__EXERCISE DETAILS__:
Only the lines from the one that includes "Pearl with Heart Bracelet" through the last line below belong in the reply, copied exactly and without pictures.

__INFORMATION PROVIDED__:

+-------+

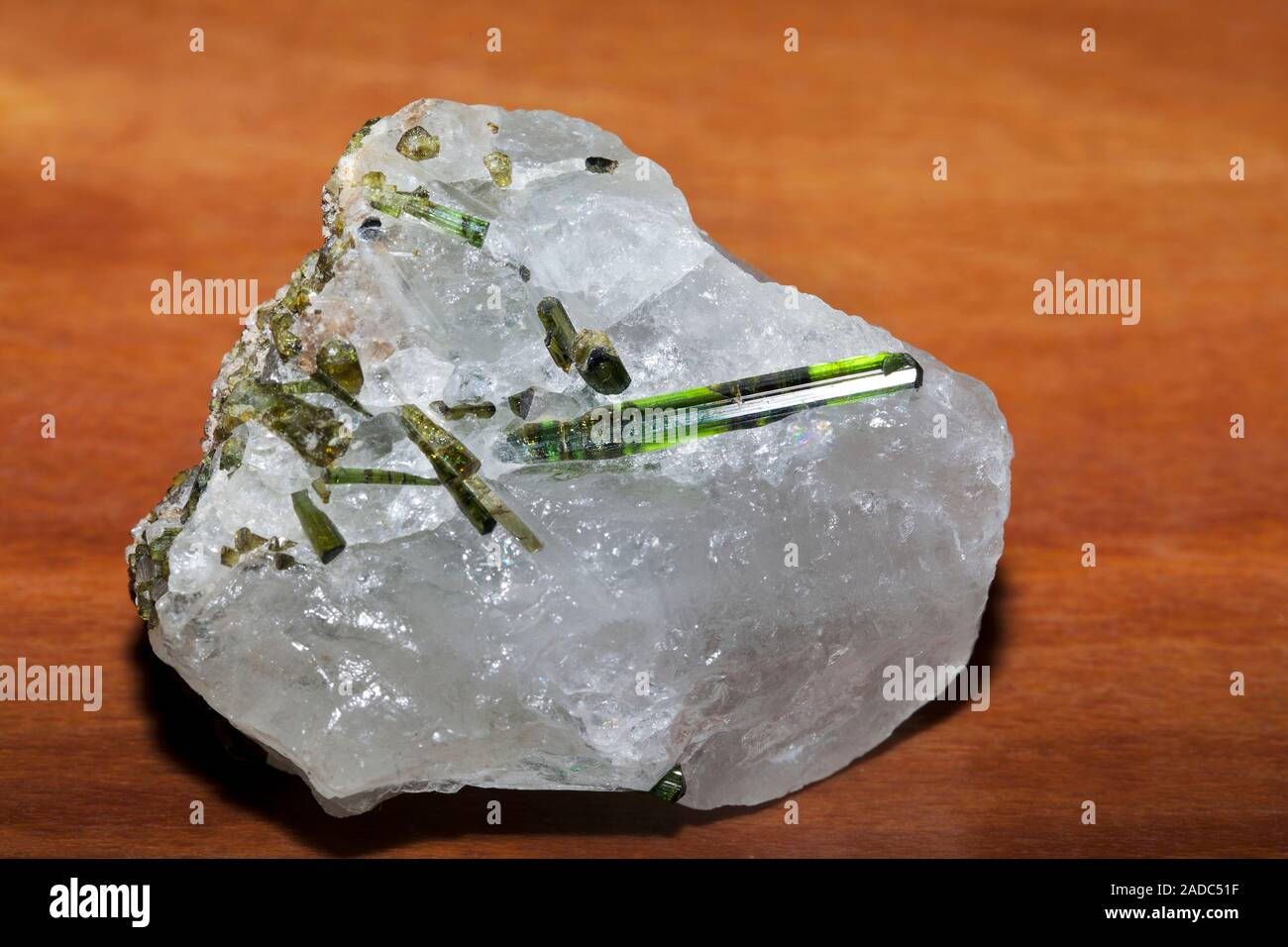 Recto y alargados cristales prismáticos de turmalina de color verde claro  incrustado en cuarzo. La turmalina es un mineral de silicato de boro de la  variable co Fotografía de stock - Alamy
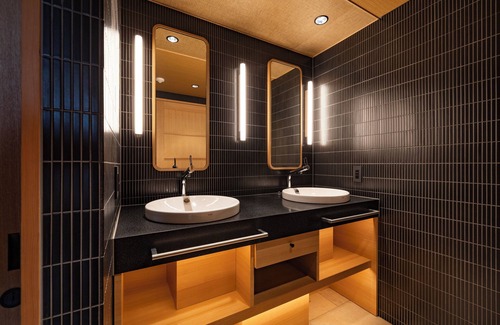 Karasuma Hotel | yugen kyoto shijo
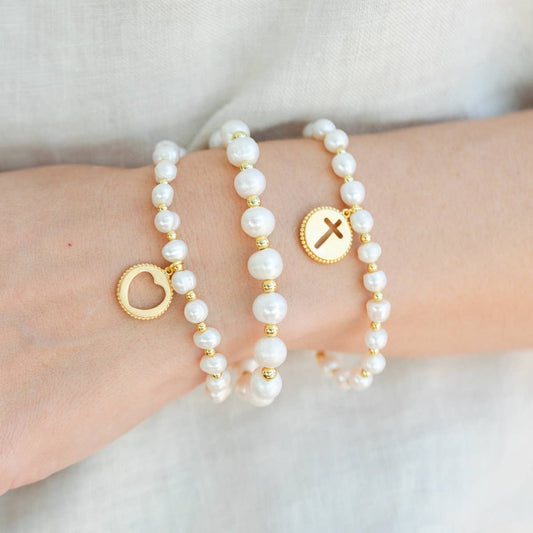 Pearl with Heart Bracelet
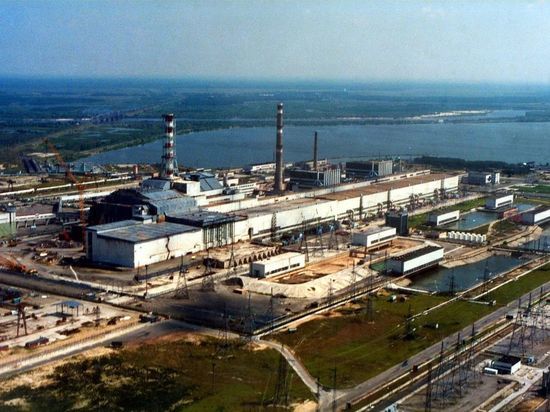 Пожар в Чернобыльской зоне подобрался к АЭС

+-------+

__THE ANSWER__:
 Pearl with Heart Bracelet
 Пожар в Чернобыльской зоне подобрался к АЭС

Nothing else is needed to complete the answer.